**Task to carry out**.
Exact copies of the line with "Shirdi Sai Baba Muismat (Hoek)" and of all lines after it through the end of the entries are required, and no other lines.

[Dataset records]

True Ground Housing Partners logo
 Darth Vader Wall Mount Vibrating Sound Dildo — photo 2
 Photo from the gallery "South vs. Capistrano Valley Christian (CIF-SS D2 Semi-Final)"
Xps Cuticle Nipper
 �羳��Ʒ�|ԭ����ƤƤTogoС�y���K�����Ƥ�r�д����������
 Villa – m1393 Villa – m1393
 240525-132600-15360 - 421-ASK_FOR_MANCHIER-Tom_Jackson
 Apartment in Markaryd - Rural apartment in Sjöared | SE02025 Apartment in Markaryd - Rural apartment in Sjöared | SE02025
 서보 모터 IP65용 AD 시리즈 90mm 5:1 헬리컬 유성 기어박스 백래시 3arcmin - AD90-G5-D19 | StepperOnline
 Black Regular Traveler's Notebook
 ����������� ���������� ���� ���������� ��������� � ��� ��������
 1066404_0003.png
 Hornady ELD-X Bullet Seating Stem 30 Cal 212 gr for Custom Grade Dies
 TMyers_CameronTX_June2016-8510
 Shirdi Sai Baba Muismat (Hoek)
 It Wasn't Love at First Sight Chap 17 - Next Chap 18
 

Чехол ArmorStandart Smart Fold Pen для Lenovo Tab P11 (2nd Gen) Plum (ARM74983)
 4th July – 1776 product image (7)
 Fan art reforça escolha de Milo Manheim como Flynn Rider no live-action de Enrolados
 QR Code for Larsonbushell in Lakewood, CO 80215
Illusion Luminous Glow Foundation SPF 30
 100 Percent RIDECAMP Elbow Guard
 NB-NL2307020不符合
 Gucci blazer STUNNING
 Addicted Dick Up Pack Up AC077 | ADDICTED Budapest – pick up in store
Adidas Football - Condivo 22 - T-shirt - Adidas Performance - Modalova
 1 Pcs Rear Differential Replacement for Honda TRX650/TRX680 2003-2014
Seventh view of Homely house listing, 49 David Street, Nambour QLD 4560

[/Dataset records]

**Reply to the exercise**.
 Shirdi Sai Baba Muismat (Hoek)
 It Wasn't Love at First Sight Chap 17 - Next Chap 18
 

Чехол ArmorStandart Smart Fold Pen для Lenovo Tab P11 (2nd Gen) Plum (ARM74983)
 4th July – 1776 product image (7)
 Fan art reforça escolha de Milo Manheim como Flynn Rider no live-action de Enrolados
 QR Code for Larsonbushell in Lakewood, CO 80215
Illusion Luminous Glow Foundation SPF 30
 100 Percent RIDECAMP Elbow Guard
 NB-NL2307020不符合
 Gucci blazer STUNNING
 Addicted Dick Up Pack Up AC077 | ADDICTED Budapest – pick up in store
Adidas Football - Condivo 22 - T-shirt - Adidas Performance - Modalova
 1 Pcs Rear Differential Replacement for Honda TRX650/TRX680 2003-2014
Seventh view of Homely house listing, 49 David Street, Nambour QLD 4560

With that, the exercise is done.